=== Section Start ===

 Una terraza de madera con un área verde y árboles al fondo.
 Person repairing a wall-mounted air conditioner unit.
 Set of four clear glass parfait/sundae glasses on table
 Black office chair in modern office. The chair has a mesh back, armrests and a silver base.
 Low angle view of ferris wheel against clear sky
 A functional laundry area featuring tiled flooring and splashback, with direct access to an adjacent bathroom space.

=== Section End ===
=== Section Start ===

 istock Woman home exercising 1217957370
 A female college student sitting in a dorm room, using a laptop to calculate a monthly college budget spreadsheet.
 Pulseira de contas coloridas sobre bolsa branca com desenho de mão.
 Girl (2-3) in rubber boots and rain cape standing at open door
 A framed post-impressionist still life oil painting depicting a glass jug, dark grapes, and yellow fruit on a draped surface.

=== Section End ===
=== Section Start ===

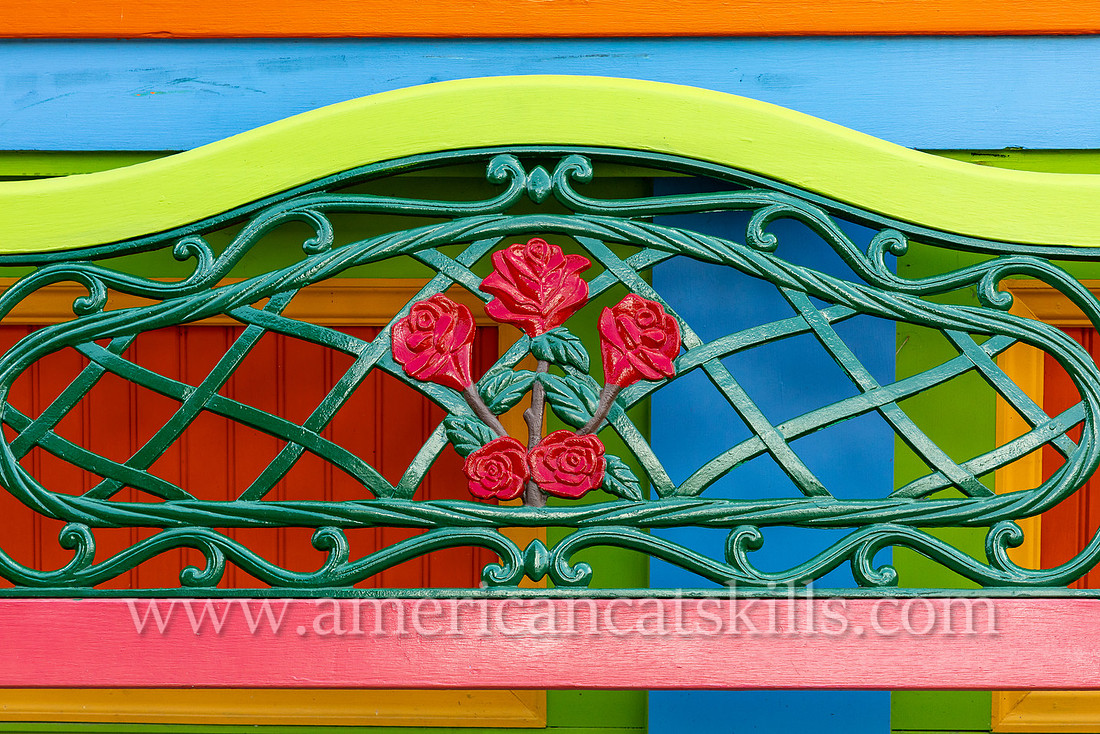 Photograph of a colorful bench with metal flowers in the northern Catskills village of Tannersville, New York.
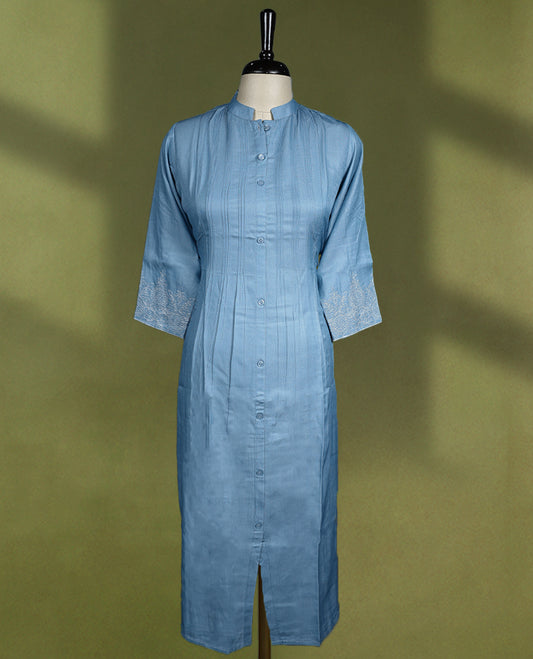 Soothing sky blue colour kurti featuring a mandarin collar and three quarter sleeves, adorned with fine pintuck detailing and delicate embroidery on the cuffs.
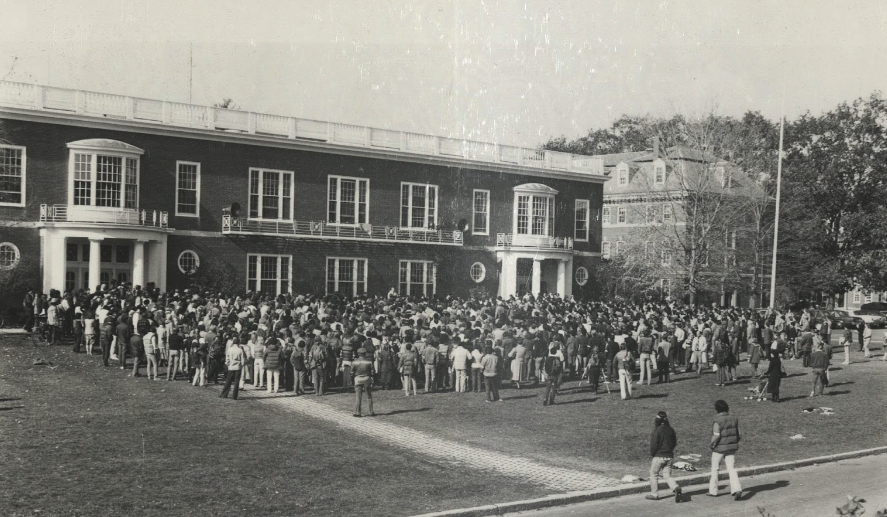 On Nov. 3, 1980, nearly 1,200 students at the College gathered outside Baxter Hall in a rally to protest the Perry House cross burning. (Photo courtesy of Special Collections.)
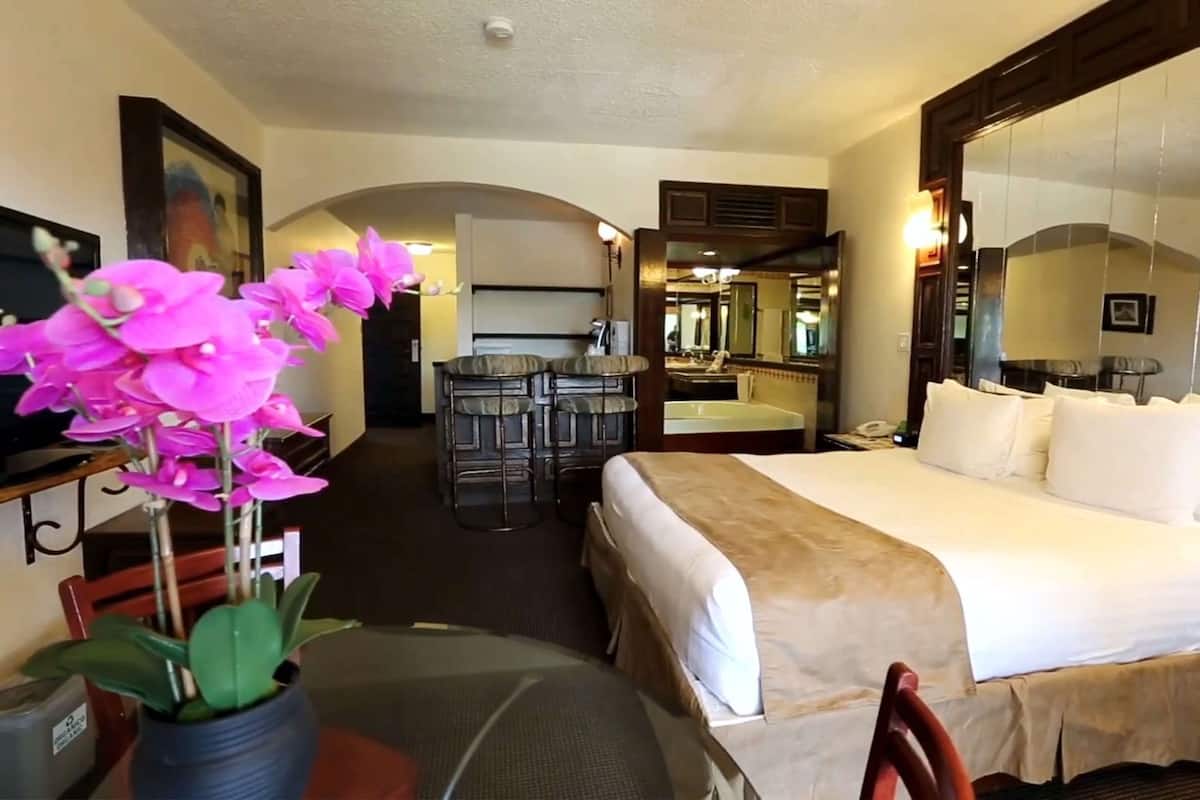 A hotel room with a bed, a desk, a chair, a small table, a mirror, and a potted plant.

=== Section End ===

Looking at the data above, return every line from the one with "A female college" down to the one with "Girl (2-3) in", exactly and inclusively.

 A female college student sitting in a dorm room, using a laptop to calculate a monthly college budget spreadsheet.
 Pulseira de contas coloridas sobre bolsa branca com desenho de mão.
 Girl (2-3) in rubber boots and rain cape standing at open door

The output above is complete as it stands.